Siempre recordaré aquel verano en el que me mudé al edificio donde conocí a Clara. Ella vivía en el departamento de al lado, una mujer madura de mirada intensa y sonrisa traviesa. Yo apenas pasaba de los veinte, y cada vez que coincidíamos en el ascensor, sentía cómo mis mejillas se encendían sin poder evitarlo. Había algo en su voz pausada, en sus movimientos seguros, que me atrapaba por completo.
Durante semanas, nuestros encuentros fueron fugaces: un saludo apresurado, una broma sobre el clima, un cruce de miradas demasiado largo como para ser casual. Hasta que una tarde calurosa, cuando el aire parecía derretirse en las paredes, la escuché golpear mi puerta. Vestía un vestido ligero que dejaba sus hombros descubiertos, y traía en la mano una botella de vino blanco.

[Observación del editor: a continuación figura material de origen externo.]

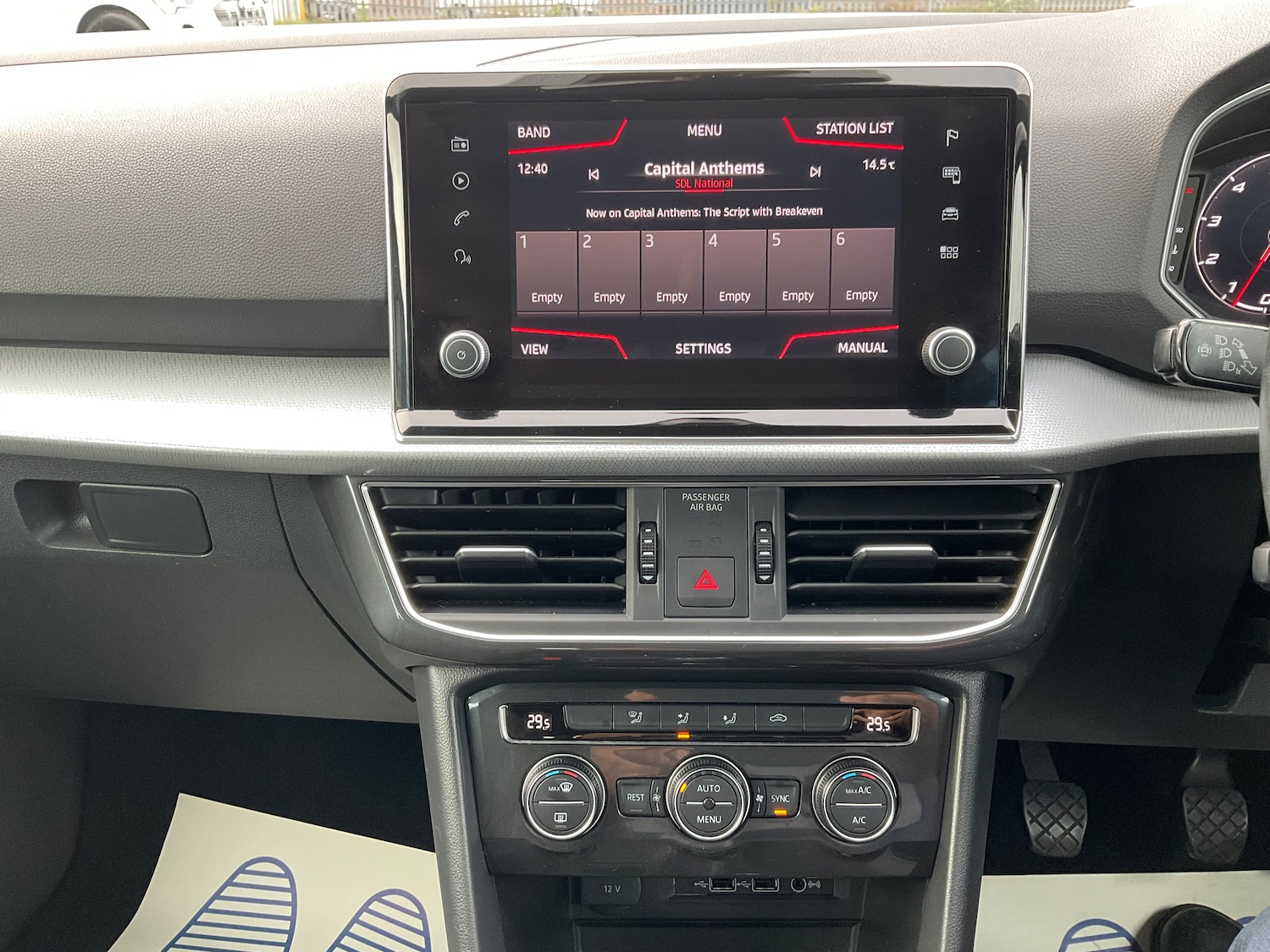 Used SEAT Tarraco 2019 for sale - 76368705: Photo 36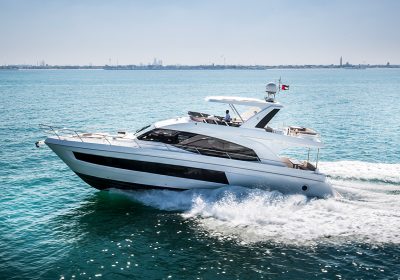 Gulf Craft Majesty 62-1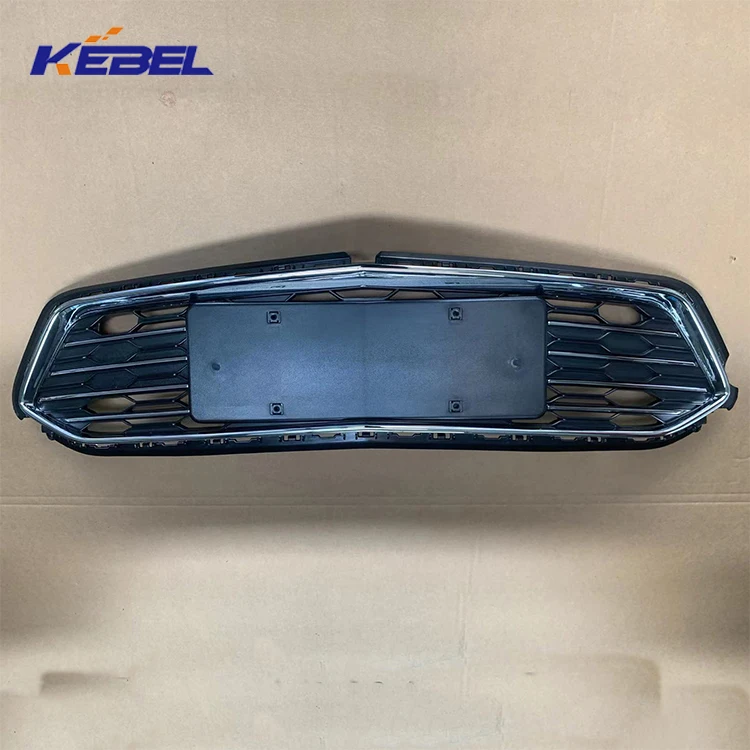 KEBEL Head Lamp Car Accessories OEM 84051793 84201239 23370564 Large Stock Grille Front Bumper Set for Chevrolet Cruze 2017 details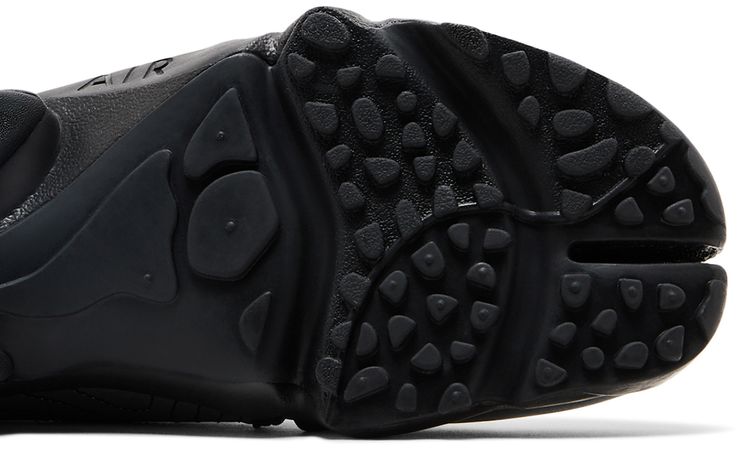 Nike Wmns Air Rift Metallic Silver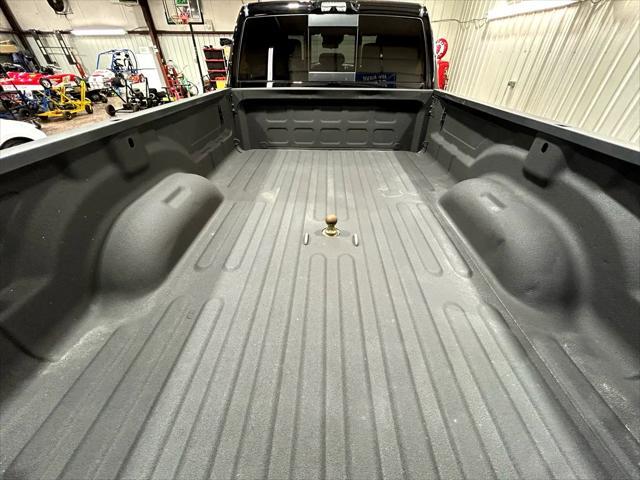 used 2021 Ram 3500 car, priced at $51,990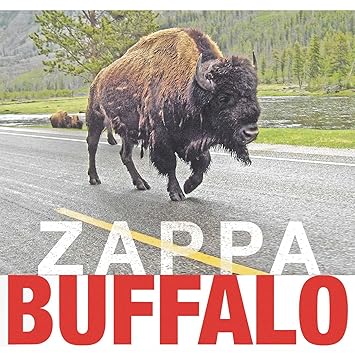 Buffalo - Frank Zappa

—¿Te animas a compartirlo conmigo? —preguntó con naturalidad, aunque sus ojos brillaban con algo más.
No pude decir que no. Entró a mi sala como si fuera su territorio, se descalzó y encendió el ventilador. Me ofreció una copa, y entre conversación y risas, el ambiente comenzó a llenarse de esa electricidad invisible que precede a lo inevitable. Su risa, sus gestos, la manera en que se mordía el labio mientras me escuchaba… todo me hacía perder la concentración.
En un momento, se inclinó para servirme más vino, y su brazo rozó el mío. Ese roce se convirtió en excusa: me atreví a rozarle la mano. Ella no se apartó. Al contrario, me sostuvo la mirada y sonrió como quien acepta un reto. Me incliné, despacio, y nuestros labios se encontraron en un beso lento, profundo, cargado de nervios y deseo.
Lo que siguió fue un torbellino de emociones. Entre susurros me llevó hasta el sofá, y en ese pequeño espacio compartimos caricias que parecían romper la diferencia de edades y borrar cualquier frontera. Yo temblaba de nervios, pero ella me guió con experiencia, con ternura y firmeza a la vez, enseñándome a dejarme llevar sin miedo.
La noche se convirtió en un viaje de descubrimiento: risas nerviosas, confesiones inesperadas y el reconocimiento de que estábamos cruzando una línea prohibida. En la penumbra de la sala, entre copas vacías y el rumor del ventilador, nos fundimos en una complicidad que jamás había sentido.
Al amanecer, me desperté con ella recostada a mi lado, acariciándome el cabello. «Esto es solo el inicio», me dijo con voz ronca, y supe que aquel verano quedaría grabado para siempre como el más intenso de mi vida.